Mathematics of the Weather 2024 conference with several contributions
Marco Artiano, Arpit Babbar, and I will be at the Mathematics of the Weather 2024 conference in Bad Orb.
Arpit Babbar’s talk
Admissibility preserving Flux Reconstruction / Discontinuous Galerkin methods for compressible flows
Discontinuous Galerkin (DG) / Flux Reconstruction (FR) methods are high order explicit finite element methods for solving advection dominated equations. They are very successful in obtaining reliable, small scale capturing methods that are arithmetically intense and thus suitable for modern memory bound HPC hardware. These methods have been used in various applications, including those involving numerical modelling of the atmosphere.
We will discuss a Lax-Wendroff Flux Reconstruction (LWFR) variant of the method which is arbitrary high order and advances time in a single stage, unlike the multi-stage Runge-Kutta (RK) methods. The single stage nature of the LWFR scheme minimizes inter-element communication, making the method more efficient than the standard RK methods. However, it loses out on admissibility preservation properties that are present in the standard Strong Stability Preserving (SSP) RK methods. Admissibility properties like positivity of density and pressure, entropy stability are crucial for the robustness and reliability of a numerical method. To that end, we present a novel subcell based shock capturing method that suppresses spurious oscillations for discontinuous solutions while also giving admissibility preservation.
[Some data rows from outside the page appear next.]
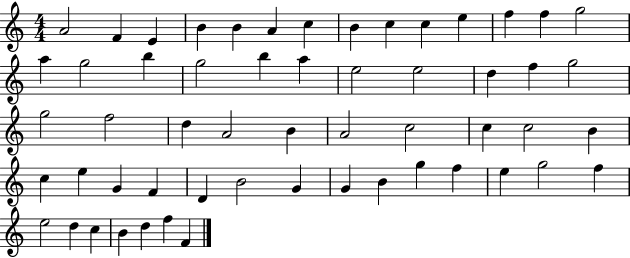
{
  \clef treble
  \numericTimeSignature
  \time 4/4
  \key c \major
  a'2 f'4 e'4 | b'4 b'4 a'4 c''4 | b'4 c''4 c''4 e''4 | f''4 f''4 g''2 | \break a''4 g''2 b''4 | g''2 b''4 a''4 | e''2 e''2 | d''4 f''4 g''2 | \break g''2 f''2 | d''4 a'2 b'4 | a'2 c''2 | c''4 c''2 b'4 | \break c''4 e''4 g'4 f'4 | d'4 b'2 g'4 | g'4 b'4 g''4 f''4 | e''4 g''2 f''4 | \break e''2 d''4 c''4 | b'4 d''4 f''4 f'4 | \bar "|."
}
The idea of enforcing admissibility is to use a flux limiter which is interlaced within the face loops. The framework is also extended to handle source terms while maintaining high order accuracy and admissibility.
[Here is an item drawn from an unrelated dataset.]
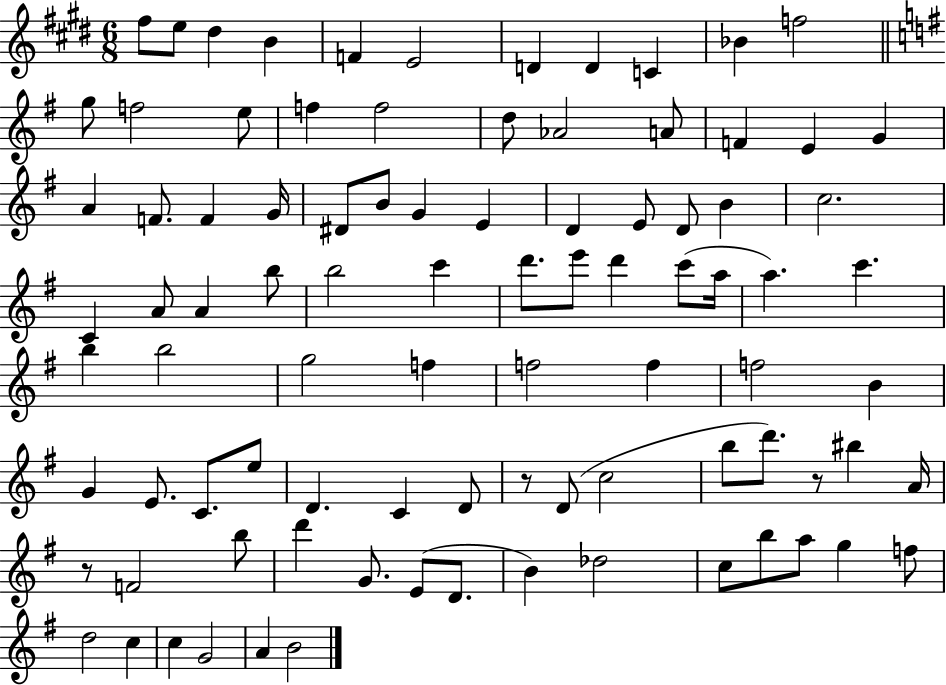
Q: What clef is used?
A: treble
Several applications of the method like astrophysical jet flow and Kelvin-Helmholtz instability will be shown to demonstrate the accuracy and robustness of the method.
My talk
Modern discontinuous Galerkin methods for atmospheric physics
This presentation will present some modern developments of discontinuous Galerkin (DG) methods such as structure-preserving schemes equipped with properties like entropy stability, kinetic energy as well as pressure equilibrium preservation and their impact on the robustness and efficiency of numerical simulations.